● **Exercise instructions**: What you give back must match the data below character for character.

● **Dataset records**:

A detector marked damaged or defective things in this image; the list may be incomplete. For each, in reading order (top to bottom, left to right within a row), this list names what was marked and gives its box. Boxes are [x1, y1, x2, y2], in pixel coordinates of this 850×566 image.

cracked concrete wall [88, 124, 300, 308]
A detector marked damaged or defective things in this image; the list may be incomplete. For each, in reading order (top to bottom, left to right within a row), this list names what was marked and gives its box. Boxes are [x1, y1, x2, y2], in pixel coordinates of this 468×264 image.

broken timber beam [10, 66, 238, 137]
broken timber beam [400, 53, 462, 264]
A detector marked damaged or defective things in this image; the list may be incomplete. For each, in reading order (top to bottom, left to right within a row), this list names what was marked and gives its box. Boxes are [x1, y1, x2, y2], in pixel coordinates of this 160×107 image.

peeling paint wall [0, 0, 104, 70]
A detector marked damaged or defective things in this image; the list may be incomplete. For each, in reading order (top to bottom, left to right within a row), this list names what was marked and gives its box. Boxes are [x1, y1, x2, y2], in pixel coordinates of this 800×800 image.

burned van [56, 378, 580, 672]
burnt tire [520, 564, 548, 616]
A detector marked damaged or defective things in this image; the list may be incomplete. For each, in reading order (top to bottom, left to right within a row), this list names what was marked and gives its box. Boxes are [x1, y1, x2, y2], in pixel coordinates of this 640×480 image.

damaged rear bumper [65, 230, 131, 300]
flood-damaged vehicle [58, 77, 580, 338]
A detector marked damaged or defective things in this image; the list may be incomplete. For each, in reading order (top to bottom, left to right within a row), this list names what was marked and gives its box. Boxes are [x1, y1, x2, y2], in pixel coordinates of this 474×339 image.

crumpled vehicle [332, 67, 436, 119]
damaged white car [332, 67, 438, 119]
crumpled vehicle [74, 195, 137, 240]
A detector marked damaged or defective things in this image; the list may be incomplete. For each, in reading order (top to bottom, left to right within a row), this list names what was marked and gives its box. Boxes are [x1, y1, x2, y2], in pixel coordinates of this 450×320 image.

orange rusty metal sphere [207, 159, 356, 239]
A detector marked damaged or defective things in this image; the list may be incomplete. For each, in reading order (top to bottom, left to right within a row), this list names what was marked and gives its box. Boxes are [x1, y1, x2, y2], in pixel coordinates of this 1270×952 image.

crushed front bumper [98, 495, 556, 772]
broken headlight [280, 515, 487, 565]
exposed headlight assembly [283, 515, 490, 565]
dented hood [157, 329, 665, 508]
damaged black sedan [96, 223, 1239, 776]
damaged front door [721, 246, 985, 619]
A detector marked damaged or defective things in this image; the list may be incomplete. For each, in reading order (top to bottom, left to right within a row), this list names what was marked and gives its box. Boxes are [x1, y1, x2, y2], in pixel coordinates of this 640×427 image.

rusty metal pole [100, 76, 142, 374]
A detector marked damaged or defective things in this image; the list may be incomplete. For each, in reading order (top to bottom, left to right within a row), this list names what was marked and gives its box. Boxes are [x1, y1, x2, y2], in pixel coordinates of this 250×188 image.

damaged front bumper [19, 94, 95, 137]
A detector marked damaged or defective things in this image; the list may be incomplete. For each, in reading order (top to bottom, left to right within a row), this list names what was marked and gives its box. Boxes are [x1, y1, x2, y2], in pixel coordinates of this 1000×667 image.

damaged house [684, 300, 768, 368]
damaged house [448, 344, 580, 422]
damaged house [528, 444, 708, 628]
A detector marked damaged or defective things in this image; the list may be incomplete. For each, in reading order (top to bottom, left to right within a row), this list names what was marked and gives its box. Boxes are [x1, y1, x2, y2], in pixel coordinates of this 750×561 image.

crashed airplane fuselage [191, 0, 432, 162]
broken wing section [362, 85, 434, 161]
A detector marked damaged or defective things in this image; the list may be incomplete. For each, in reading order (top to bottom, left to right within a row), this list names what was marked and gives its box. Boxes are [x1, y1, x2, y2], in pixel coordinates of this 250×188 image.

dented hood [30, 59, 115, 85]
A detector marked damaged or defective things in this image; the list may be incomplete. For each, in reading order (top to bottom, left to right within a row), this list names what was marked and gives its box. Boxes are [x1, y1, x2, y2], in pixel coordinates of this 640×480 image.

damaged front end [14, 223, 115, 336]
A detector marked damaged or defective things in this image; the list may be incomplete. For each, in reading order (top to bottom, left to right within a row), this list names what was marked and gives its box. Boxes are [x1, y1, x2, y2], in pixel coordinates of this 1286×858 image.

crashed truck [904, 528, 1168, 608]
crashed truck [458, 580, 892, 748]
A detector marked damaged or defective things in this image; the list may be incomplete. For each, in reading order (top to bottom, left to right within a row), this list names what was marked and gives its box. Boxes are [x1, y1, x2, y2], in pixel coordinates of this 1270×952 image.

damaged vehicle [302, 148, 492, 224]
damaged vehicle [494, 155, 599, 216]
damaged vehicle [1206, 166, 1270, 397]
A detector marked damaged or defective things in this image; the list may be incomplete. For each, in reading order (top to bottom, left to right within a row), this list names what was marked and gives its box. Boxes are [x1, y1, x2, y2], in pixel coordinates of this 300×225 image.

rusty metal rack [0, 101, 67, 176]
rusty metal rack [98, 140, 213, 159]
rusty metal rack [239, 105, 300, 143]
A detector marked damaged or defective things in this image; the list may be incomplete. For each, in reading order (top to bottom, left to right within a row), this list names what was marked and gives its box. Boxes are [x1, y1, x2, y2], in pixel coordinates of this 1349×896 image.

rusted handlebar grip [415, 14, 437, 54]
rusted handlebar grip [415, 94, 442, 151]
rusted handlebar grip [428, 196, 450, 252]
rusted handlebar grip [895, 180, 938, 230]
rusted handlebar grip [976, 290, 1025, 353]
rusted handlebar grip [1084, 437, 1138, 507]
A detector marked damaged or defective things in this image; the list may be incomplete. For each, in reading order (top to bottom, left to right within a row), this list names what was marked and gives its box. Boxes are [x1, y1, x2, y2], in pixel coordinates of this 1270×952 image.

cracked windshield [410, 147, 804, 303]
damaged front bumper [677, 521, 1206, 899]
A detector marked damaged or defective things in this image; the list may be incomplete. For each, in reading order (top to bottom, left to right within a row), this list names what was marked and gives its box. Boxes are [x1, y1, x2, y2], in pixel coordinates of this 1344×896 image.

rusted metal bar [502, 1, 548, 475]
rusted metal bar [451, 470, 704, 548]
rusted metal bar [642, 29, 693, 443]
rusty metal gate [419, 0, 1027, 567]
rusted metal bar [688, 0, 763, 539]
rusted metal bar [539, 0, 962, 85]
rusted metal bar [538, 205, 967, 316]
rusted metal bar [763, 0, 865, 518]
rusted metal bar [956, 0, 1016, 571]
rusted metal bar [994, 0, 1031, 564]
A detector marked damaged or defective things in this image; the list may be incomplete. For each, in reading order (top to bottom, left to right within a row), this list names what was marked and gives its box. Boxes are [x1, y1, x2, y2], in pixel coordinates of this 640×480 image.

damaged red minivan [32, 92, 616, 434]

● **Response**:
A detector marked damaged or defective things in this image; the list may be incomplete. For each, in reading order (top to bottom, left to right within a row), this list names what was marked and gives its box. Boxes are [x1, y1, x2, y2], in pixel coordinates of this 850×566 image.

cracked concrete wall [88, 124, 300, 308]
A detector marked damaged or defective things in this image; the list may be incomplete. For each, in reading order (top to bottom, left to right within a row), this list names what was marked and gives its box. Boxes are [x1, y1, x2, y2], in pixel coordinates of this 468×264 image.

broken timber beam [10, 66, 238, 137]
broken timber beam [400, 53, 462, 264]
A detector marked damaged or defective things in this image; the list may be incomplete. For each, in reading order (top to bottom, left to right within a row), this list names what was marked and gives its box. Boxes are [x1, y1, x2, y2], in pixel coordinates of this 160×107 image.

peeling paint wall [0, 0, 104, 70]
A detector marked damaged or defective things in this image; the list may be incomplete. For each, in reading order (top to bottom, left to right within a row), this list names what was marked and gives its box. Boxes are [x1, y1, x2, y2], in pixel coordinates of this 800×800 image.

burned van [56, 378, 580, 672]
burnt tire [520, 564, 548, 616]
A detector marked damaged or defective things in this image; the list may be incomplete. For each, in reading order (top to bottom, left to right within a row), this list names what was marked and gives its box. Boxes are [x1, y1, x2, y2], in pixel coordinates of this 640×480 image.

damaged rear bumper [65, 230, 131, 300]
flood-damaged vehicle [58, 77, 580, 338]
A detector marked damaged or defective things in this image; the list may be incomplete. For each, in reading order (top to bottom, left to right within a row), this list names what was marked and gives its box. Boxes are [x1, y1, x2, y2], in pixel coordinates of this 474×339 image.

crumpled vehicle [332, 67, 436, 119]
damaged white car [332, 67, 438, 119]
crumpled vehicle [74, 195, 137, 240]
A detector marked damaged or defective things in this image; the list may be incomplete. For each, in reading order (top to bottom, left to right within a row), this list names what was marked and gives its box. Boxes are [x1, y1, x2, y2], in pixel coordinates of this 450×320 image.

orange rusty metal sphere [207, 159, 356, 239]
A detector marked damaged or defective things in this image; the list may be incomplete. For each, in reading order (top to bottom, left to right within a row), this list names what was marked and gives its box. Boxes are [x1, y1, x2, y2], in pixel coordinates of this 1270×952 image.

crushed front bumper [98, 495, 556, 772]
broken headlight [280, 515, 487, 565]
exposed headlight assembly [283, 515, 490, 565]
dented hood [157, 329, 665, 508]
damaged black sedan [96, 223, 1239, 776]
damaged front door [721, 246, 985, 619]
A detector marked damaged or defective things in this image; the list may be incomplete. For each, in reading order (top to bottom, left to right within a row), this list names what was marked and gives its box. Boxes are [x1, y1, x2, y2], in pixel coordinates of this 640×427 image.

rusty metal pole [100, 76, 142, 374]
A detector marked damaged or defective things in this image; the list may be incomplete. For each, in reading order (top to bottom, left to right within a row), this list names what was marked and gives its box. Boxes are [x1, y1, x2, y2], in pixel coordinates of this 250×188 image.

damaged front bumper [19, 94, 95, 137]
A detector marked damaged or defective things in this image; the list may be incomplete. For each, in reading order (top to bottom, left to right within a row), this list names what was marked and gives its box. Boxes are [x1, y1, x2, y2], in pixel coordinates of this 1000×667 image.

damaged house [684, 300, 768, 368]
damaged house [448, 344, 580, 422]
damaged house [528, 444, 708, 628]
A detector marked damaged or defective things in this image; the list may be incomplete. For each, in reading order (top to bottom, left to right within a row), this list names what was marked and gives its box. Boxes are [x1, y1, x2, y2], in pixel coordinates of this 750×561 image.

crashed airplane fuselage [191, 0, 432, 162]
broken wing section [362, 85, 434, 161]
A detector marked damaged or defective things in this image; the list may be incomplete. For each, in reading order (top to bottom, left to right within a row), this list names what was marked and gives its box. Boxes are [x1, y1, x2, y2], in pixel coordinates of this 250×188 image.

dented hood [30, 59, 115, 85]
A detector marked damaged or defective things in this image; the list may be incomplete. For each, in reading order (top to bottom, left to right within a row), this list names what was marked and gives its box. Boxes are [x1, y1, x2, y2], in pixel coordinates of this 640×480 image.

damaged front end [14, 223, 115, 336]
A detector marked damaged or defective things in this image; the list may be incomplete. For each, in reading order (top to bottom, left to right within a row), this list names what was marked and gives its box. Boxes are [x1, y1, x2, y2], in pixel coordinates of this 1286×858 image.

crashed truck [904, 528, 1168, 608]
crashed truck [458, 580, 892, 748]
A detector marked damaged or defective things in this image; the list may be incomplete. For each, in reading order (top to bottom, left to right within a row), this list names what was marked and gives its box. Boxes are [x1, y1, x2, y2], in pixel coordinates of this 1270×952 image.

damaged vehicle [302, 148, 492, 224]
damaged vehicle [494, 155, 599, 216]
damaged vehicle [1206, 166, 1270, 397]
A detector marked damaged or defective things in this image; the list may be incomplete. For each, in reading order (top to bottom, left to right within a row), this list names what was marked and gives its box. Boxes are [x1, y1, x2, y2], in pixel coordinates of this 300×225 image.

rusty metal rack [0, 101, 67, 176]
rusty metal rack [98, 140, 213, 159]
rusty metal rack [239, 105, 300, 143]
A detector marked damaged or defective things in this image; the list may be incomplete. For each, in reading order (top to bottom, left to right within a row), this list names what was marked and gives its box. Boxes are [x1, y1, x2, y2], in pixel coordinates of this 1349×896 image.

rusted handlebar grip [415, 14, 437, 54]
rusted handlebar grip [415, 94, 442, 151]
rusted handlebar grip [428, 196, 450, 252]
rusted handlebar grip [895, 180, 938, 230]
rusted handlebar grip [976, 290, 1025, 353]
rusted handlebar grip [1084, 437, 1138, 507]
A detector marked damaged or defective things in this image; the list may be incomplete. For each, in reading order (top to bottom, left to right within a row), this list names what was marked and gives its box. Boxes are [x1, y1, x2, y2], in pixel coordinates of this 1270×952 image.

cracked windshield [410, 147, 804, 303]
damaged front bumper [677, 521, 1206, 899]
A detector marked damaged or defective things in this image; the list may be incomplete. For each, in reading order (top to bottom, left to right within a row), this list names what was marked and gives its box. Boxes are [x1, y1, x2, y2], in pixel coordinates of this 1344×896 image.

rusted metal bar [502, 1, 548, 475]
rusted metal bar [451, 470, 704, 548]
rusted metal bar [642, 29, 693, 443]
rusty metal gate [419, 0, 1027, 567]
rusted metal bar [688, 0, 763, 539]
rusted metal bar [539, 0, 962, 85]
rusted metal bar [538, 205, 967, 316]
rusted metal bar [763, 0, 865, 518]
rusted metal bar [956, 0, 1016, 571]
rusted metal bar [994, 0, 1031, 564]
A detector marked damaged or defective things in this image; the list may be incomplete. For each, in reading order (top to bottom, left to right within a row), this list names what was marked and gives its box. Boxes are [x1, y1, x2, y2], in pixel coordinates of this 640×480 image.

damaged red minivan [32, 92, 616, 434]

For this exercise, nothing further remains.